- PRONOM is a digital preservation technical registry. It is maintained by The National Archives, UK, though it’s core architecture is little changed since 2004.
- PRONOM’s use in the community is to be a centralised service for file format signatures.
- For every file format that can be identified through the tools that use PRONOM’s signatures, a unique identifier is also given to the user.
PRONOM Unique Identifier (PUID) which are assigned to all formats in the PRONOM registry. There are two primary types, fmt and x-fmt. The latter is the result of a historical error when x-fmt identifiers were made available to the public. A subsequent decision to maintain x-fmt was made in favour of continuity as a standard. There is no longer a semantic difference between identifier types – that is the x- is no longer experimental, it is equivalent to the other type.
PRONOM web services
PRONOM delivers signature files to tools via web services. DROID for example will first use a web-service to check for new signatures. If they exist it will then communicate with a second web service to download those signatures in the form of a 'signature file'. A second type of signature file, Container Signatures, are downloaded via more traditional web based techniques utilizing a web-page’s Last-modified date, to seek new data.
PRONOM can be accessed via XML making it possible to download and remix.

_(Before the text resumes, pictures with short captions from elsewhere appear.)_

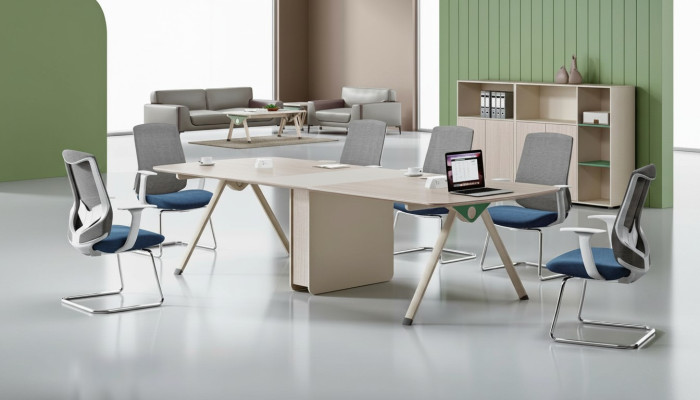 Beiger Konferenztisch Designer Arbeitszimmer Möbel Luxuriöser Holz Tisch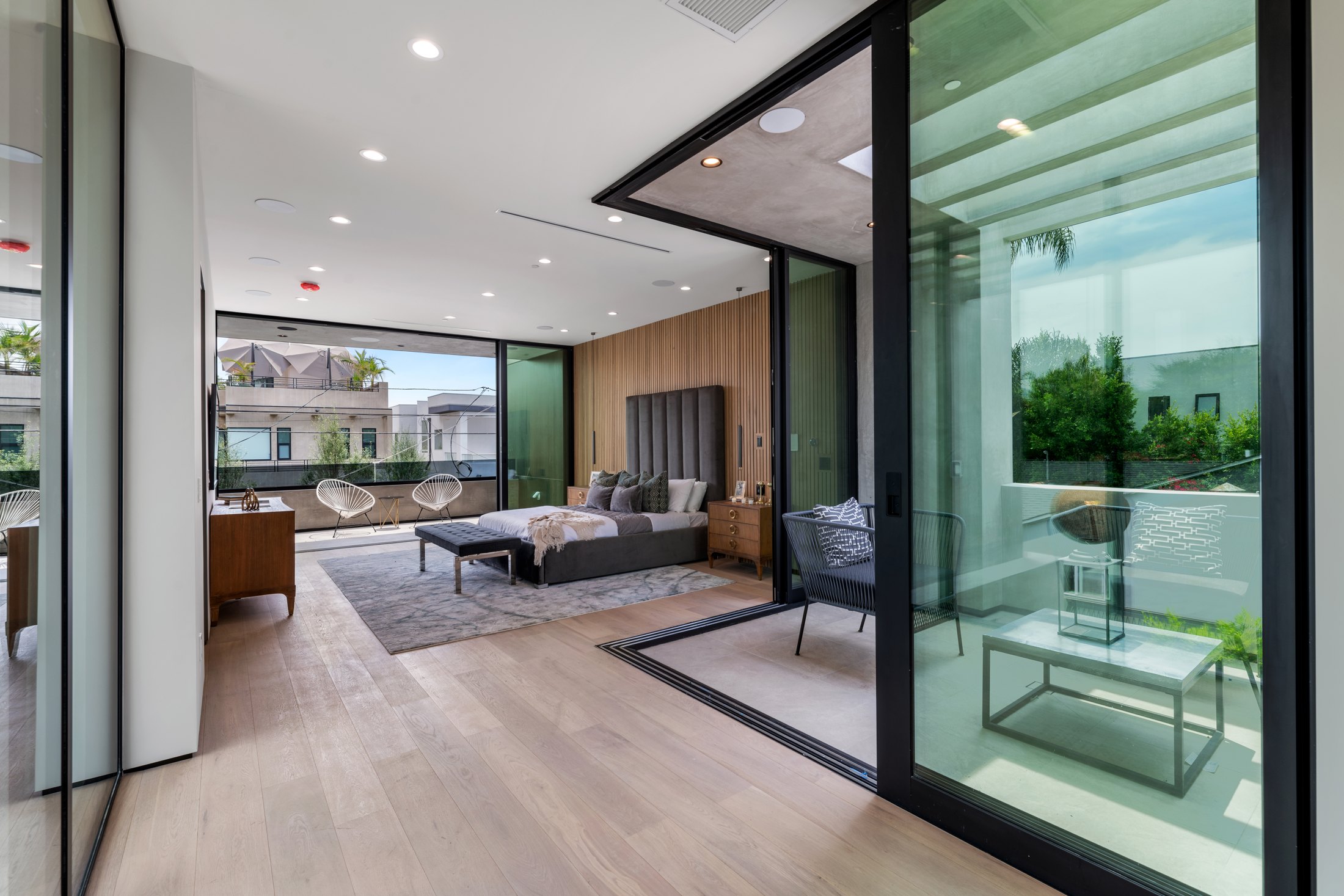 Carefully finished Casa De Flor interior opening onto a terrace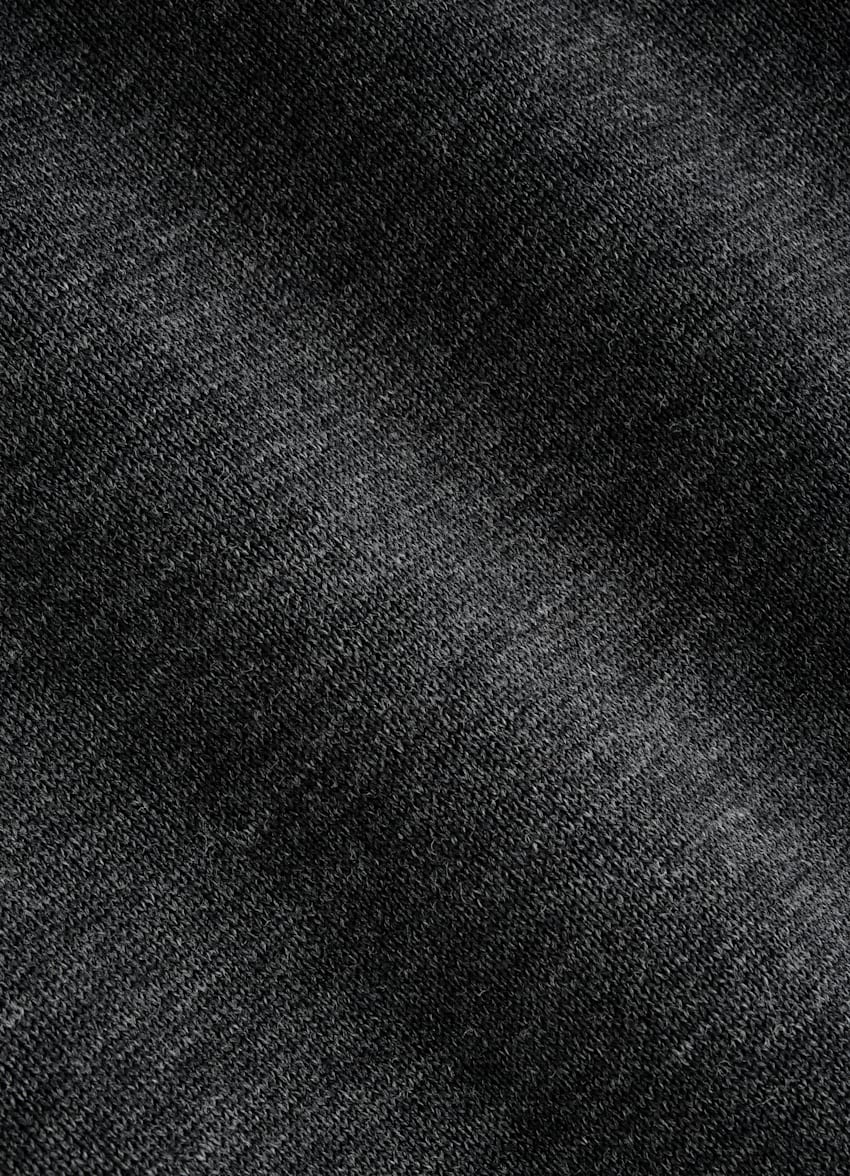 SUITSUPPLY Cotton Silk Dark Grey Long Sleeve Polo
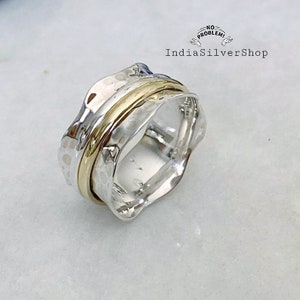 Gehämmerter Spinnerring, Spinnerring aus gemischten Metallen, zweifarbiger Spinnerring aus Sterlingsilber, Meditationsring, Fidget-Ring aus 925er Sterlingsilber Bild 3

The links look like:
DROID Signature File
- A DROID signature file is an XML file that contains a snapshot of PRONOM in its current state.
- Split into two, or three sections (for container signatures), the signature file’s two main components are a list of file formats and metadata, e.g. format MIMEType, and then a mapping to a list of signatures.

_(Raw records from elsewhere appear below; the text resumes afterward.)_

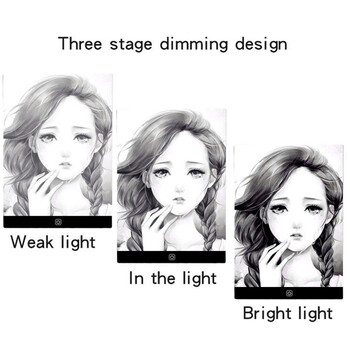 3-степенна димируема LED подложка за копиране на рисунки Образователна играчка за деца Бебе A4 Творческа електронна дъска за рисуване A5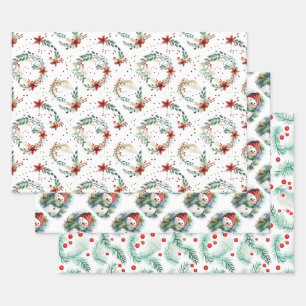 Feuille De Papier Cadeau Snowmen et Christmas Holly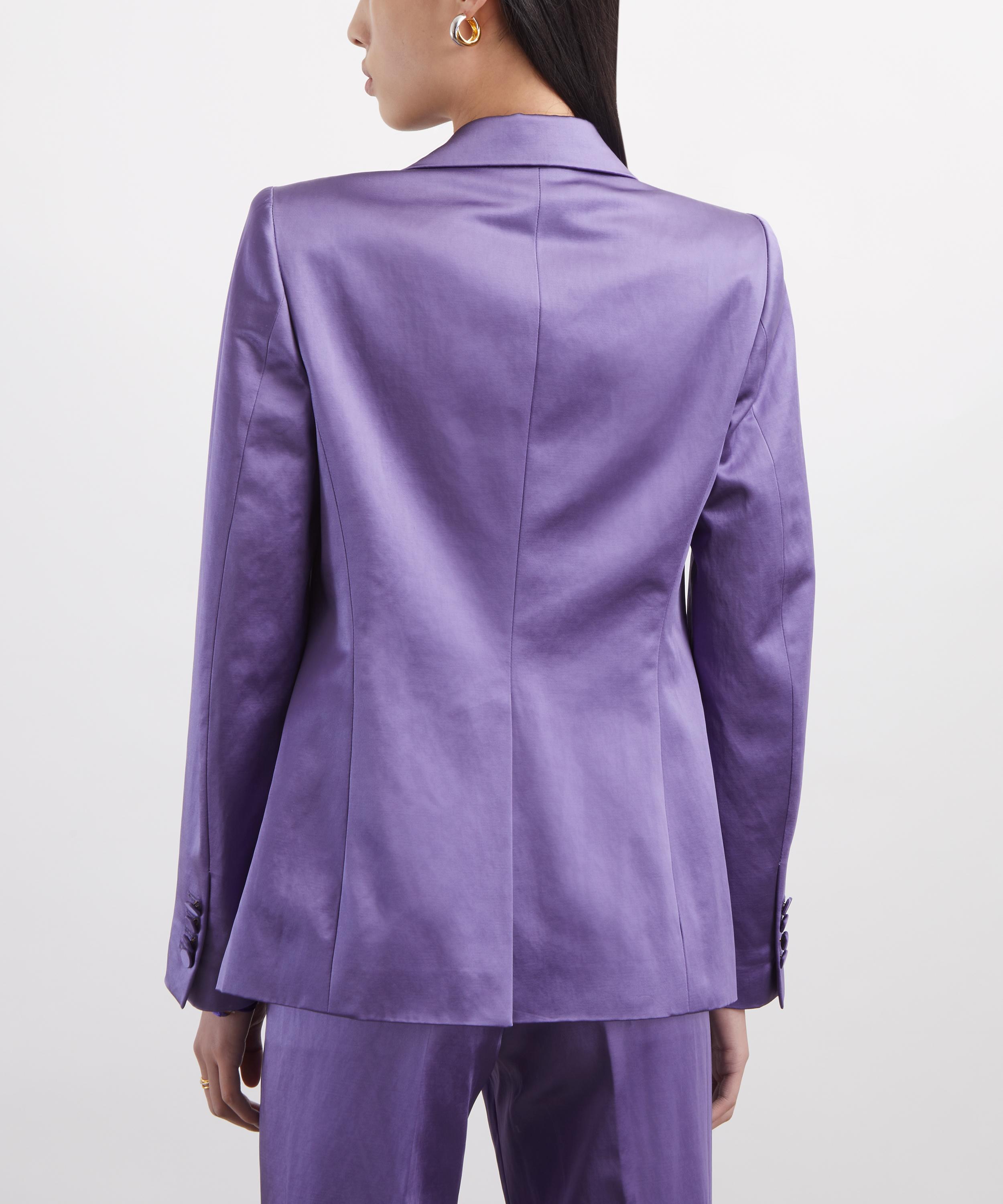 Dries Van Noten - Purple Satin Double-Breasted Blazer image number 3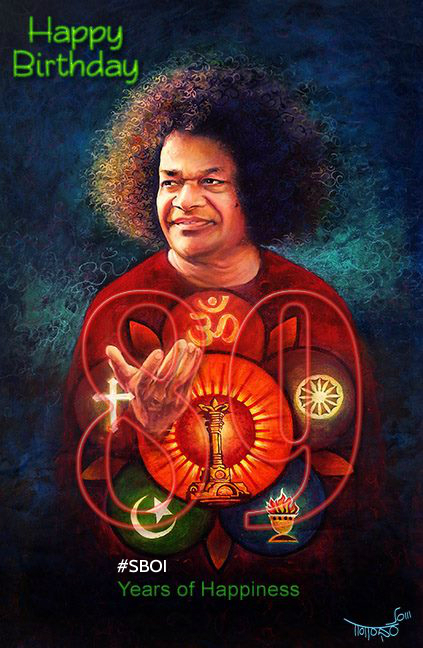 Beautiful art work shared with SAI RAM - created by professional artist Gangadhar Soma from Bangalore, India.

- A container signature file contains a third section of ‘trigger PUIDs’ that is, PUIDs that trigger container identification when a match is found.

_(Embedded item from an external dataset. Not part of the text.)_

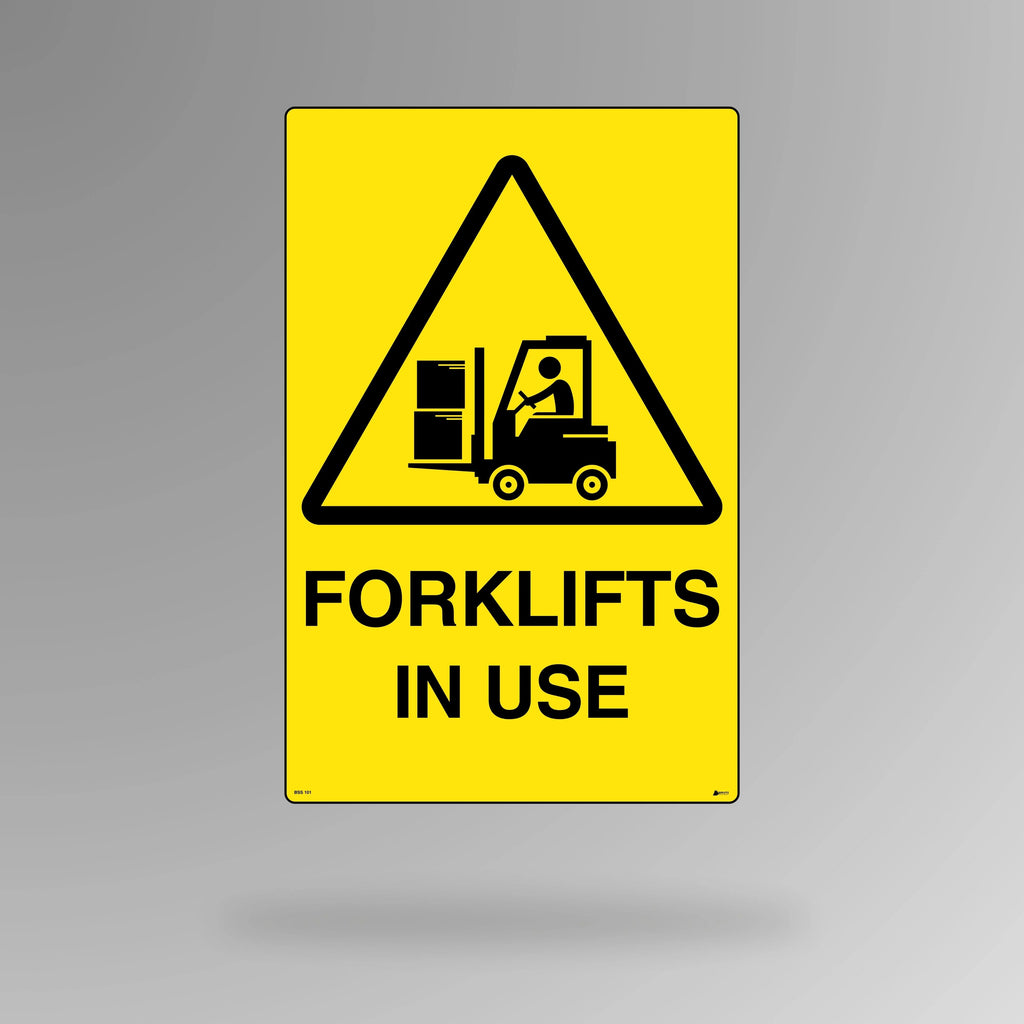 BSS 101 yellow and black warning sign in portrait orientation showing forklift symbol with text stating forklifts in use for warehouse safety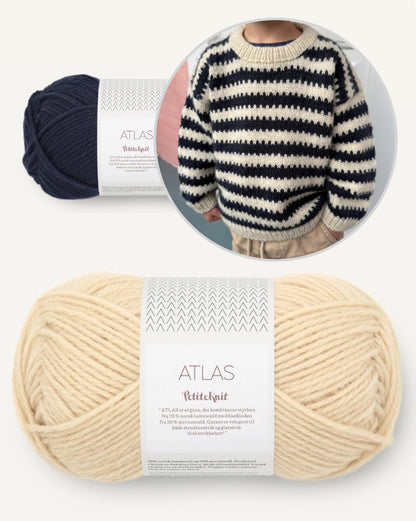 Otto Sweater Kids | kontrastreiche Streifen mit Atlas von Sandnes Garn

A PRONOM release happens when a publishing job is run by The National Archives, UK. Importantly, the draft information in the database is published onto the web, and a signature file is created via database stored procedure and uploaded to a location where it can be accessed via web service.
PRONOM Release Notes
The PRONOM release notes are released in XML form and are available from the PRONOM index page on the web. Each release it summaries in terms of:
- New Records: New records for file formats that now have PUIDs
- Updated records: Format records in PRONOM that have had their information updated in some way, including signature changes
- New Signatures: File formats that now have signatures associated with them and can be identified via PRONOM
The email address to send format requests to at The National Archives, UK.
DROID-list Google Group
An open community that is a good first place to start for discussing new file format signatures for PRONOM. Being open, folks are invited to contribute to other’s identification issues. Signatures can be shared and the workload in fixing them shared too. PRONOM development is aided when there is as much information as possible about a file format and its potential signature. This work would all have to be done by their developers otherwise.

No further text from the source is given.